FIG. 10 is a top view schematically illustrating a conventional sliding mechanism for use in a mobile phone.

DETAILED DESCRIPTION OF EMBODIMENTS OF THE INVENTION

FIG. 1 illustrates a mobile phone that can incorporate various features and embodiments of the invention. In addition to mobile phones, the features and embodiments of the invention can be applied to other portable electronic devices including, but not limited to, hand-held computers, PDAs, calculators, electronic schedulers, electronic dictionaries, portable radio receivers, portable television receivers, portable telecommunication devices, etc.
The illustrated mobile phone 12 includes a first unit 14 with a keypad and a second unit 16 with a liquid crystal display. As shown, a number of buttons may be disposed on the second unit 16. Referring collectively to FIGS. 1, 2 (a), 2 (b) and 2 (c), the first unit 14 and the second unit 16 are combined together one atop the other in such a manner that the second unit 16 can make a linear sliding movement with respect to the first unit 14 along an axis of movement 100 between a first open position (see FIG. 1) and a second closed position (see FIG. 2).

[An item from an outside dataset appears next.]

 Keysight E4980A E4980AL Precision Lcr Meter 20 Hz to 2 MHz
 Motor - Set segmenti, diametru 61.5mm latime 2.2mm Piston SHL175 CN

Referring to FIGS. 1, 2 (a), 2 (b) and 2 (c), one embodiment of the present invention includes a first connection member 20 attached to the first unit 14 of the mobile phone 12, a second connection member 40 attached to the second unit 16 of the mobile phone 12, and a first resilient member or spring 70 and a second resilient member or spring 80 disposed along the axis of movement 100. The first connection member 20, which is of a generally rectangular plate shape, includes a base plate 22 and first and second flank walls 26, 27 extending along the opposite sides of the base plate 22 in a parallel relationship with the axis of movement 100 and protruding a short distance toward the second unit 16.
First and second A-rollers 30, 32 are mounted to the base plate 22 by virtue of coupling pins 31, 33 so that they can face the second connection member 40. The first and second A-rollers 30, 32 are arranged closer to the first flank wall 26 than the second flank wall 27 and are adjoined to each other in a parallel relationship with the axis of movement 100. Coupled to the first A-roller 30 is a first A-coupling part 78 of the first spring 70 set forth below. Similarly, coupled to the second A-roller 32 is a second A-coupling part 88 of the second spring 80 described infra.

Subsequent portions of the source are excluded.